• What needs to be done: Return exactly the lines that run from the one with "Pull fin et" to the last line of the entries below, both included, and nothing else.

• Supplied material:
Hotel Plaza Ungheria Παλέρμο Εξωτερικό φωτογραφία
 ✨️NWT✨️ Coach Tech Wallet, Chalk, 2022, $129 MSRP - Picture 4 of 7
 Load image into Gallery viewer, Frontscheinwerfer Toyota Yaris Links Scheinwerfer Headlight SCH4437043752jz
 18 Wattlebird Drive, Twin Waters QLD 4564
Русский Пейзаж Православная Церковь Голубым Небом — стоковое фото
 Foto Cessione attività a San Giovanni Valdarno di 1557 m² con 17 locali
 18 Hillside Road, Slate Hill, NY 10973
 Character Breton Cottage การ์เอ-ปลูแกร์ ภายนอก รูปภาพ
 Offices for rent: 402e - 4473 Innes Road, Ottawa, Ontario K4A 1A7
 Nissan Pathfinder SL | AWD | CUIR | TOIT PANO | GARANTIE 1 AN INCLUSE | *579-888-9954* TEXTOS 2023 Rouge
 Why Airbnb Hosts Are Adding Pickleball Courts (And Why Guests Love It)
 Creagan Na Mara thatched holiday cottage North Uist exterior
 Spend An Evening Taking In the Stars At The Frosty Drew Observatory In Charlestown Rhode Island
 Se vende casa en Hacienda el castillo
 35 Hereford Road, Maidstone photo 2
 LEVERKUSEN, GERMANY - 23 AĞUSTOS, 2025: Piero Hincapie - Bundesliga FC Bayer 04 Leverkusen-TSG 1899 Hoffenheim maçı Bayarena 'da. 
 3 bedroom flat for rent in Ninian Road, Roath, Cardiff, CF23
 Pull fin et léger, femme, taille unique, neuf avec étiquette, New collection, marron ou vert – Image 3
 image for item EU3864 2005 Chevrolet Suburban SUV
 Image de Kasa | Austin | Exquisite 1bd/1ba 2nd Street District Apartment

• Task response:
 Pull fin et léger, femme, taille unique, neuf avec étiquette, New collection, marron ou vert – Image 3
 image for item EU3864 2005 Chevrolet Suburban SUV
 Image de Kasa | Austin | Exquisite 1bd/1ba 2nd Street District Apartment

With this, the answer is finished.